(DATA TO USE Opens)

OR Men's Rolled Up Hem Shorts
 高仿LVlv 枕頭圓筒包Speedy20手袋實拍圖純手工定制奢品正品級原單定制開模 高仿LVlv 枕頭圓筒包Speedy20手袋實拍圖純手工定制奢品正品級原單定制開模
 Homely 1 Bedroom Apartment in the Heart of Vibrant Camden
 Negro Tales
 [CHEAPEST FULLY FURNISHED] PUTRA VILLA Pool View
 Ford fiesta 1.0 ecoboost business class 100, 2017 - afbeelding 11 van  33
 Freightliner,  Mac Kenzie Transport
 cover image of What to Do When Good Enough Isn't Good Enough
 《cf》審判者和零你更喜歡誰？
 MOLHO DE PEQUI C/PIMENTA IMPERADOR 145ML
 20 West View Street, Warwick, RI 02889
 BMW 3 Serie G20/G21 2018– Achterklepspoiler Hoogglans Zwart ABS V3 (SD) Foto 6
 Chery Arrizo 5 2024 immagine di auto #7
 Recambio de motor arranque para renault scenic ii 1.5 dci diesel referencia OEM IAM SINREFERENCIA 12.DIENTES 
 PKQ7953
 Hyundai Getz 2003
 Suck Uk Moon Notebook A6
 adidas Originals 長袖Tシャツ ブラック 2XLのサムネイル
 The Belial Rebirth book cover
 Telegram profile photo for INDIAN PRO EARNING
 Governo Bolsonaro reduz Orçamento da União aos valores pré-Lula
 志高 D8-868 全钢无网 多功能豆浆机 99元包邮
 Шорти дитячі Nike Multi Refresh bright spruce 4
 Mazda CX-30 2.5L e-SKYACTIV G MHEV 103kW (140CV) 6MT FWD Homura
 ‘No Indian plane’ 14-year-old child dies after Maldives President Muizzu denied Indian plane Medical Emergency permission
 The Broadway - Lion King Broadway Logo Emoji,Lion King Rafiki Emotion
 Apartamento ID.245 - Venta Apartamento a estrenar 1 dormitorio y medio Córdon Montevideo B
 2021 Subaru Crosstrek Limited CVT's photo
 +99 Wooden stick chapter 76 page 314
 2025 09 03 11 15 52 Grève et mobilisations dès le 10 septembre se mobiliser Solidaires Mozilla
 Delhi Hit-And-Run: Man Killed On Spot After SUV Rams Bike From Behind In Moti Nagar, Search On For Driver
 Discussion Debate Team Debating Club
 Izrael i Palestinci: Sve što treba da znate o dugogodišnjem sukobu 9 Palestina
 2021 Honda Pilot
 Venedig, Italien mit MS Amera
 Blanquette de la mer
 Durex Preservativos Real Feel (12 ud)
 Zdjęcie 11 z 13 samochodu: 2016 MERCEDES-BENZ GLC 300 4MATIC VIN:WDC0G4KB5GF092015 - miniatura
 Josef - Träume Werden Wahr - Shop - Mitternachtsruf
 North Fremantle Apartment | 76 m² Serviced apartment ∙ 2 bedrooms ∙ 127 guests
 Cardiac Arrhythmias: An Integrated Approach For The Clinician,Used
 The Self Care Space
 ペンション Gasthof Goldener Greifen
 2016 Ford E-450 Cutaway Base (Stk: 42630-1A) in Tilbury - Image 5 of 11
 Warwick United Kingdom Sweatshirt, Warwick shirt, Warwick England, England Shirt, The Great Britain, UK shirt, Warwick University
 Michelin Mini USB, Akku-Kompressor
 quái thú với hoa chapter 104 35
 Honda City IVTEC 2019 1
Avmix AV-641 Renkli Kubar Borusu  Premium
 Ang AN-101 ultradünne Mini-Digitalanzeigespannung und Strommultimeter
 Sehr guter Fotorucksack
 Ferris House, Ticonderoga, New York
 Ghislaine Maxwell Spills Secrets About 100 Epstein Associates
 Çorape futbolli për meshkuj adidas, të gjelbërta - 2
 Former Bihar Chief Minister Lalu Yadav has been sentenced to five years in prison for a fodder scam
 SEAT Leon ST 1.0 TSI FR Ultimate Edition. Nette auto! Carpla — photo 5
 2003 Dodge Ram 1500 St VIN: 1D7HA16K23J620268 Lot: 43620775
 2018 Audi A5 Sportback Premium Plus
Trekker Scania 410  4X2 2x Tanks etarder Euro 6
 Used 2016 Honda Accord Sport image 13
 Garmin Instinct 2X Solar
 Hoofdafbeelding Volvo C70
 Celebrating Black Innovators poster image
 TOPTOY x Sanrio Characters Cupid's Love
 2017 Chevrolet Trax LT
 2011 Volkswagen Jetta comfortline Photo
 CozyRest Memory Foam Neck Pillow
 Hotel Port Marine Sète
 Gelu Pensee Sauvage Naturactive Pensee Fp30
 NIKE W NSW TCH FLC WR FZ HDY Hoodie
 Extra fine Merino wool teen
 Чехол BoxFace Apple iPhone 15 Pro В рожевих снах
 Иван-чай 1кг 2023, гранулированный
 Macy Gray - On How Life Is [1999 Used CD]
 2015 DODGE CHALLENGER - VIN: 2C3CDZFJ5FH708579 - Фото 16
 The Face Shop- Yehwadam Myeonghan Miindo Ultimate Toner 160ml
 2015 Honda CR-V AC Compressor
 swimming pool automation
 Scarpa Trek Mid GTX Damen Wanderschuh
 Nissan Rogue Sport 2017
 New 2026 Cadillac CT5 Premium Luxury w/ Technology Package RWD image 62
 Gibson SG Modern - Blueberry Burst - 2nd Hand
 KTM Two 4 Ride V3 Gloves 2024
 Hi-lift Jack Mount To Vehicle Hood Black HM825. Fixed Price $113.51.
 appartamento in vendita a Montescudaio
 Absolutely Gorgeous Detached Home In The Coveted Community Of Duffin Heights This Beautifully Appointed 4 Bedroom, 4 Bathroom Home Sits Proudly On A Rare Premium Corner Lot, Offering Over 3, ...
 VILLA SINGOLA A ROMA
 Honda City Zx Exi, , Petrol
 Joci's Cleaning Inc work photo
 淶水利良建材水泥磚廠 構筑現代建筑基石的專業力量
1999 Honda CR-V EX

(DATA TO USE Closes)

▶ [ACTION ITEM] An exact, complete copy of the lines above from the one with "cover image of" through the one with "The Broadway - Lion" is the whole answer.

▶ [EXERCISE RESULT]
 cover image of What to Do When Good Enough Isn't Good Enough
 《cf》審判者和零你更喜歡誰？
 MOLHO DE PEQUI C/PIMENTA IMPERADOR 145ML
 20 West View Street, Warwick, RI 02889
 BMW 3 Serie G20/G21 2018– Achterklepspoiler Hoogglans Zwart ABS V3 (SD) Foto 6
 Chery Arrizo 5 2024 immagine di auto #7
 Recambio de motor arranque para renault scenic ii 1.5 dci diesel referencia OEM IAM SINREFERENCIA 12.DIENTES 
 PKQ7953
 Hyundai Getz 2003
 Suck Uk Moon Notebook A6
 adidas Originals 長袖Tシャツ ブラック 2XLのサムネイル
 The Belial Rebirth book cover
 Telegram profile photo for INDIAN PRO EARNING
 Governo Bolsonaro reduz Orçamento da União aos valores pré-Lula
 志高 D8-868 全钢无网 多功能豆浆机 99元包邮
 Шорти дитячі Nike Multi Refresh bright spruce 4
 Mazda CX-30 2.5L e-SKYACTIV G MHEV 103kW (140CV) 6MT FWD Homura
 ‘No Indian plane’ 14-year-old child dies after Maldives President Muizzu denied Indian plane Medical Emergency permission
 The Broadway - Lion King Broadway Logo Emoji,Lion King Rafiki Emotion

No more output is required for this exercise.